[Captioned web image data]

- - -

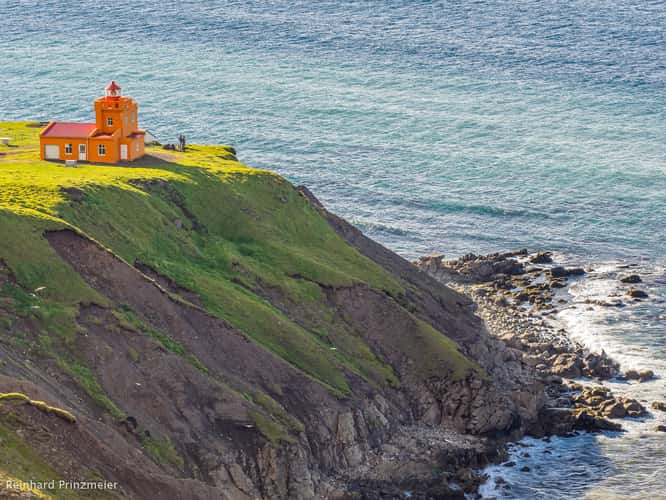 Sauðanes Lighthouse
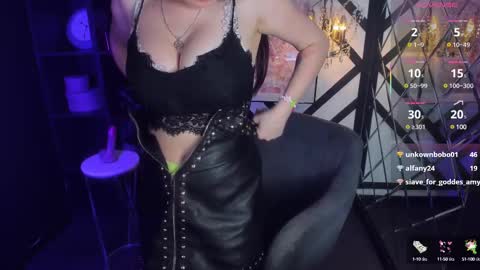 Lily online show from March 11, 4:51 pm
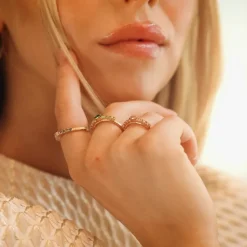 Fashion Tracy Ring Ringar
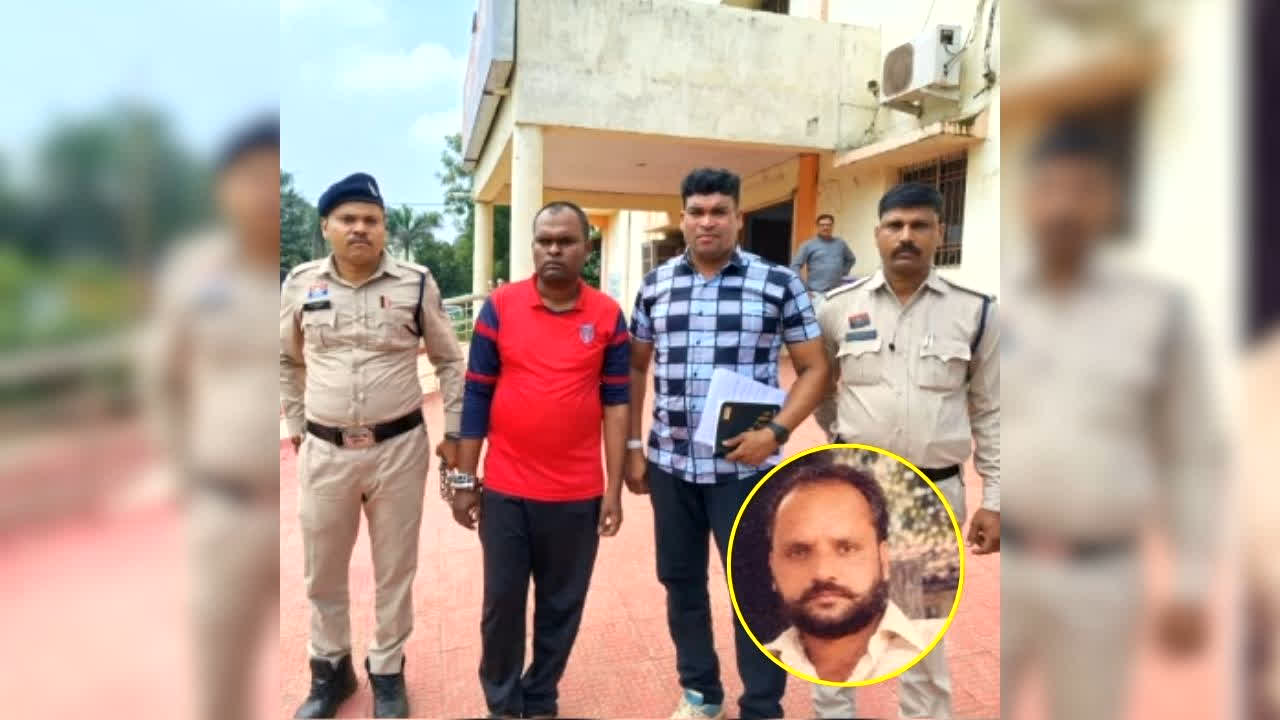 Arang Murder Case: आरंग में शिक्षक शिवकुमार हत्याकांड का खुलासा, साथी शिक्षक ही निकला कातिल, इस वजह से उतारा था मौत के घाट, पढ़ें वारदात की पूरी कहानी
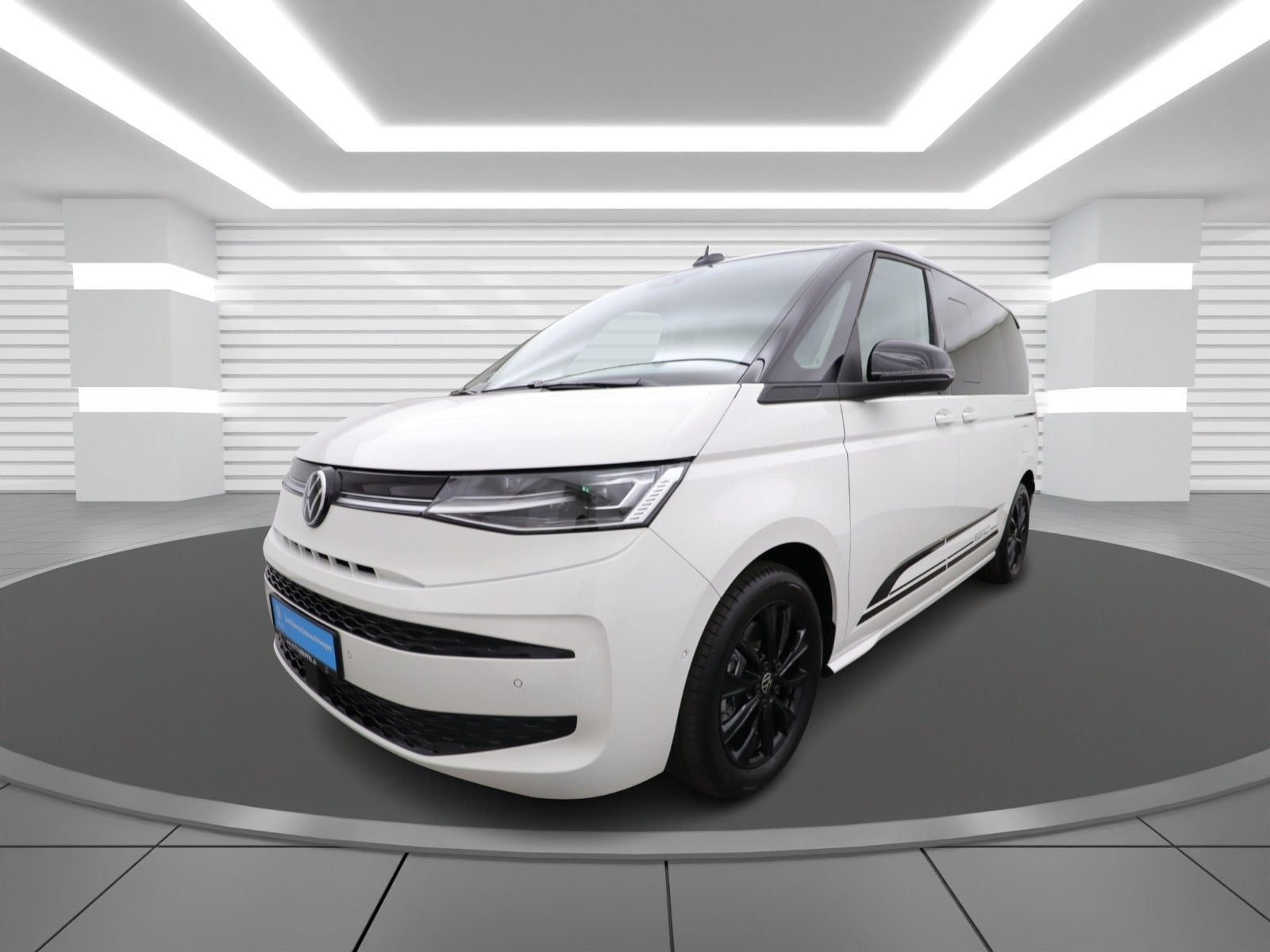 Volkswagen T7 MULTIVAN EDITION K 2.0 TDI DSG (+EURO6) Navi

- - -

- [WHAT YOU ARE ASKED TO DO] With the images left out, set down each record exactly as it appears.

- [TASK OUTPUT]
 Sauðanes Lighthouse
 Lily online show from March 11, 4:51 pm
 Fashion Tracy Ring Ringar
 Arang Murder Case: आरंग में शिक्षक शिवकुमार हत्याकांड का खुलासा, साथी शिक्षक ही निकला कातिल, इस वजह से उतारा था मौत के घाट, पढ़ें वारदात की पूरी कहानी
 Volkswagen T7 MULTIVAN EDITION K 2.0 TDI DSG (+EURO6) Navi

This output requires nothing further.